Students Are Pushing the Change – and That’s a Good Thing
What’s striking about the Stanford situation is that students themselves are driving the demand for reinvention. They’re not rebelling against learning – they’re fighting for better learning.
They want:
- Classes that go beyond the obvious: fewer lectures on “how to be a leader,” more robust frameworks for decision-making in uncertainty.
- Real exposure to complexity: not just Harvard cases from the 90s, but analysis of algorithmic governance, synthetic media, or AI-driven supply chains.
- Accountability: if they’re paying a premium, they expect their faculty – and their peers – to show up intellectually, not just socially.
This pressure from within could be the most important force reshaping the MBA since the financial crisis.
A New Definition of Rigour
Of course, rigour doesn’t mean reverting to rote memorization or econometrics for the sake of it. The future of MBA learning will be defined by integration – of disciplines, of humans and machines, of theory and practice.
Rigor in 2025 means understanding not just how a model works, but when to trust it. It means navigating ethical gray zones in product development, data use, and automation. And it will mean leading teams where half your “employees” are AI agents.
These aren’t optional. They’re core competencies in a workplace that is changing faster than most business school curriculums can update.
So What’s Next?
The Stanford story might sting, but it’s also a turning point. When students at the world’s most prestigious business schools say “this isn’t good enough,” that’s not failure – that’s fuel.

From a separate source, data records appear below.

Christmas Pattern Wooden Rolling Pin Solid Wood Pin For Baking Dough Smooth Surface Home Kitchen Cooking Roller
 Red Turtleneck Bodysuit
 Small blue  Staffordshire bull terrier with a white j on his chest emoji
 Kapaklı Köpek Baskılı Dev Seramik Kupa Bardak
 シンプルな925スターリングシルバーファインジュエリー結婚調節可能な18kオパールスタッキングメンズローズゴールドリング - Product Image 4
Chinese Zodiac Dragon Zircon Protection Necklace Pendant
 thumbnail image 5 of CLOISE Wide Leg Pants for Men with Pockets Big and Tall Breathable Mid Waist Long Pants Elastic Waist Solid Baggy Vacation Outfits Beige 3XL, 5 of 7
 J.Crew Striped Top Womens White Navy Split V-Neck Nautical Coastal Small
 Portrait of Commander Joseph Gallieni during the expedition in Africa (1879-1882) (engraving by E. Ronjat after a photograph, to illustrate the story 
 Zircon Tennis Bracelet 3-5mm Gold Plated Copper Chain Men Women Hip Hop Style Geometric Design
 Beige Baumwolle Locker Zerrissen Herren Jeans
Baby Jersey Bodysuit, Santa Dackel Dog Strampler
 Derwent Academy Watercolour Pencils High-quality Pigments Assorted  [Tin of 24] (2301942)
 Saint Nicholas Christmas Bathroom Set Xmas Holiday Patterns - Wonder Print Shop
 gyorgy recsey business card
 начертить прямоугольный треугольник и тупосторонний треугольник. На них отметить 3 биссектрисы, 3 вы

Ted Snyder is hopeful for the next steps of the school. “I served with recently appointed GSB Dean Sarah Soule on a search committee and was impressed. What a great opportunity for Dean Soule to get Stanford GSB back on track.”
It’s a wake-up call for business education to shed its complacency and rebuild itself not just for the jobs of today, but the uncertainties of tomorrow.
If MBAs are to remain relevant and worth the price tag, they must move from being networking rituals to becoming intellectual launchpads. The kind that don’t just teach you how to lead in the world that was, but how to shape the one that’s coming.
The future of work won’t wait. Neither should the MBA.